Exact copies of the lines below, from the one with "Argentina 0–0 Yugoslavia;" up to and including the one with "长春疫情最新动态，防控措施、生活现状与未来展望", are what this calls for; leave out pictures.

+++ GIVEN RECORDS

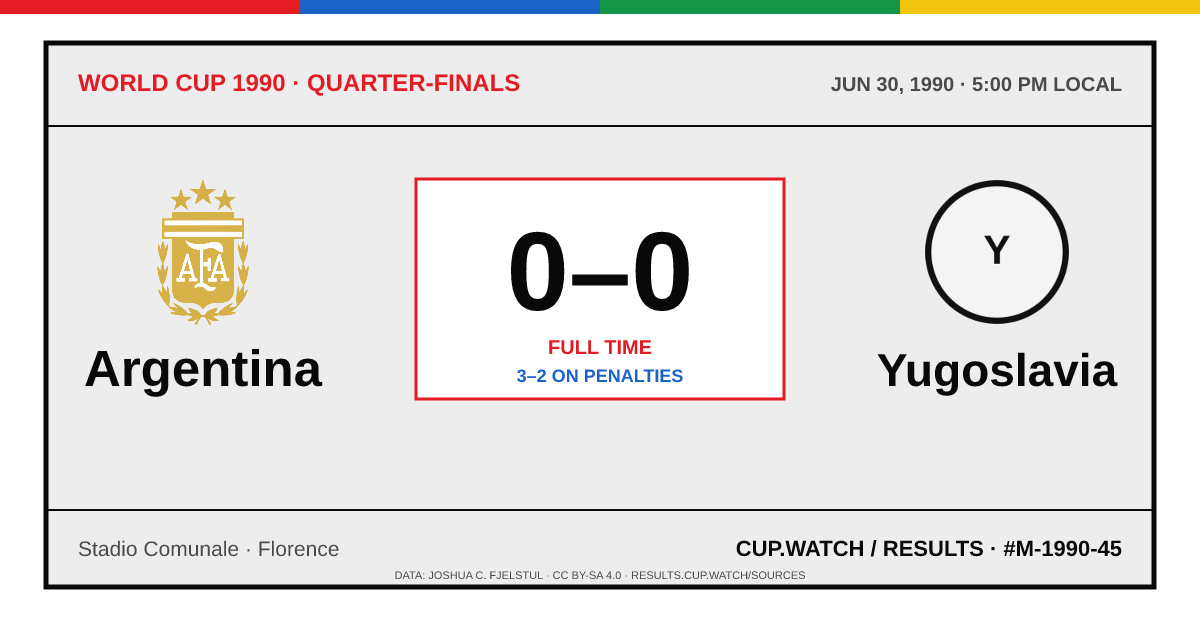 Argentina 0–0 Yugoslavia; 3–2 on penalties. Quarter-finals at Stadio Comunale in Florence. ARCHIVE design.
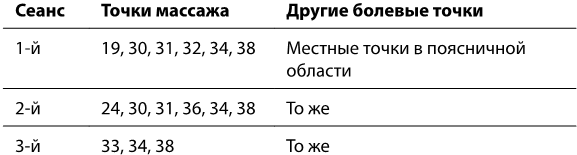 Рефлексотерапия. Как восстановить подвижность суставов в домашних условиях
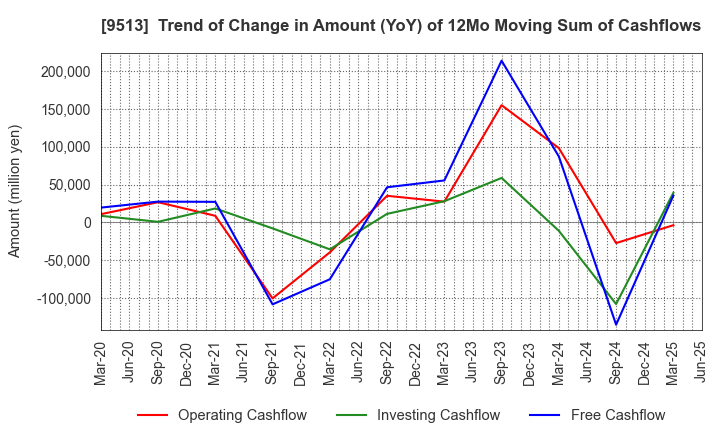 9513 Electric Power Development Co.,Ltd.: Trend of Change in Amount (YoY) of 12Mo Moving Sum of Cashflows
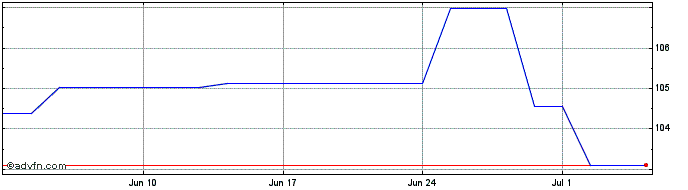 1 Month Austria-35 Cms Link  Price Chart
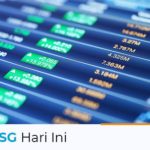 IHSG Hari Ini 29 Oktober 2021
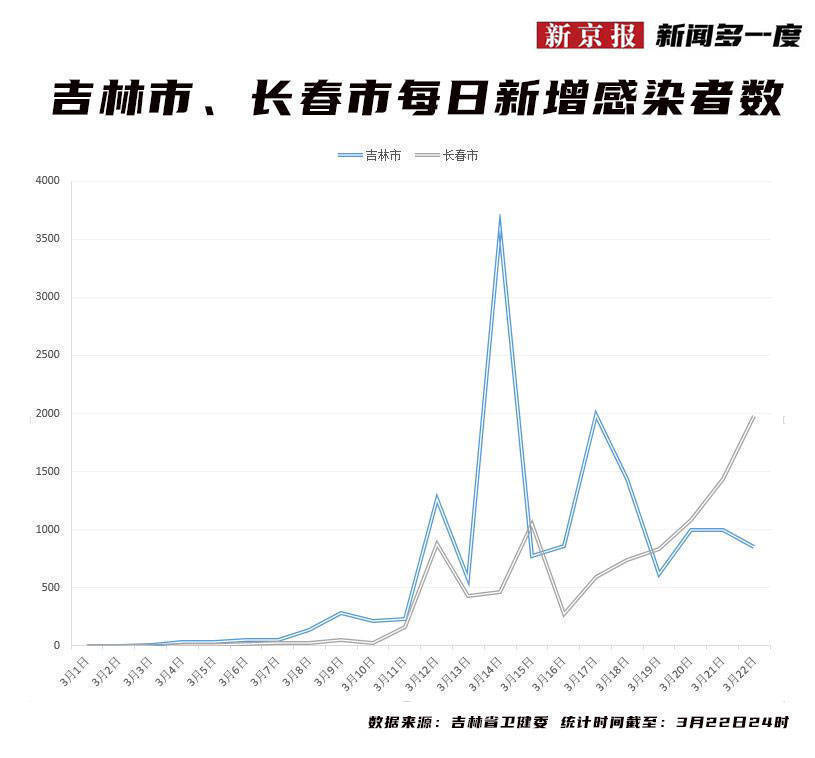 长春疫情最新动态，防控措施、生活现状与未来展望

++++++
+++ GIVEN RECORDS

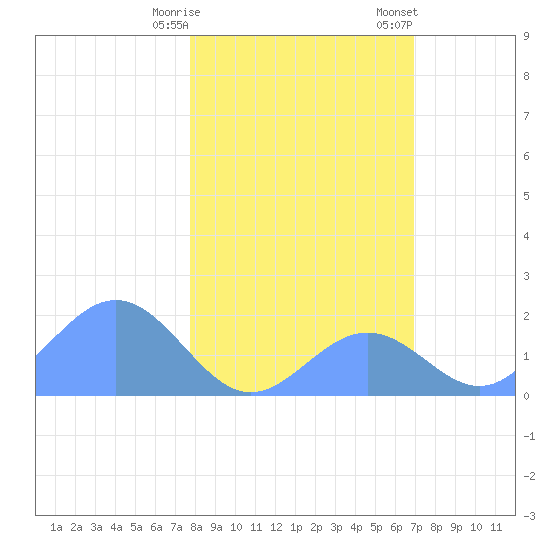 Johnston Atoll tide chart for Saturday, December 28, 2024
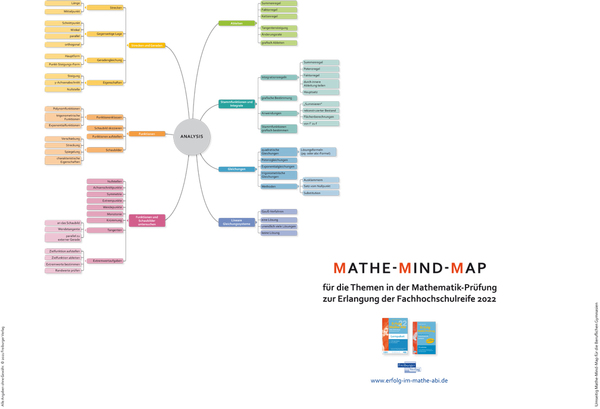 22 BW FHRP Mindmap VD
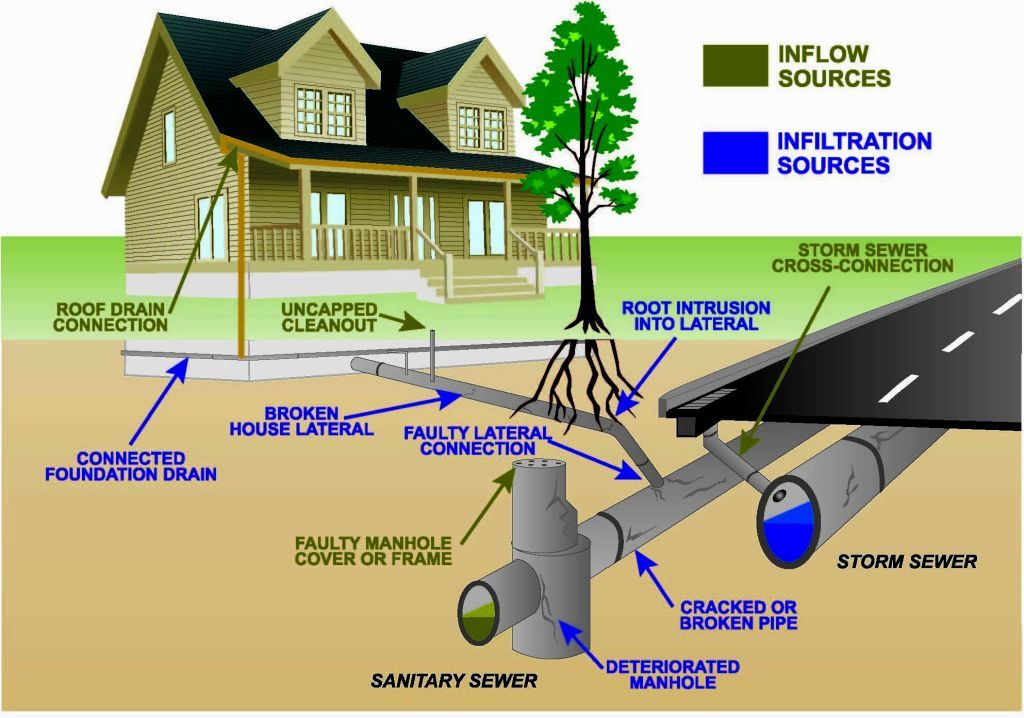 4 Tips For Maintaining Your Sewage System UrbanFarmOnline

++++++

**SOLUTION FOR THIS PROBLEM**:
 Argentina 0–0 Yugoslavia; 3–2 on penalties. Quarter-finals at Stadio Comunale in Florence. ARCHIVE design.
 Рефлексотерапия. Как восстановить подвижность суставов в домашних условиях
 9513 Electric Power Development Co.,Ltd.: Trend of Change in Amount (YoY) of 12Mo Moving Sum of Cashflows
 1 Month Austria-35 Cms Link  Price Chart
 IHSG Hari Ini 29 Oktober 2021
 长春疫情最新动态，防控措施、生活现状与未来展望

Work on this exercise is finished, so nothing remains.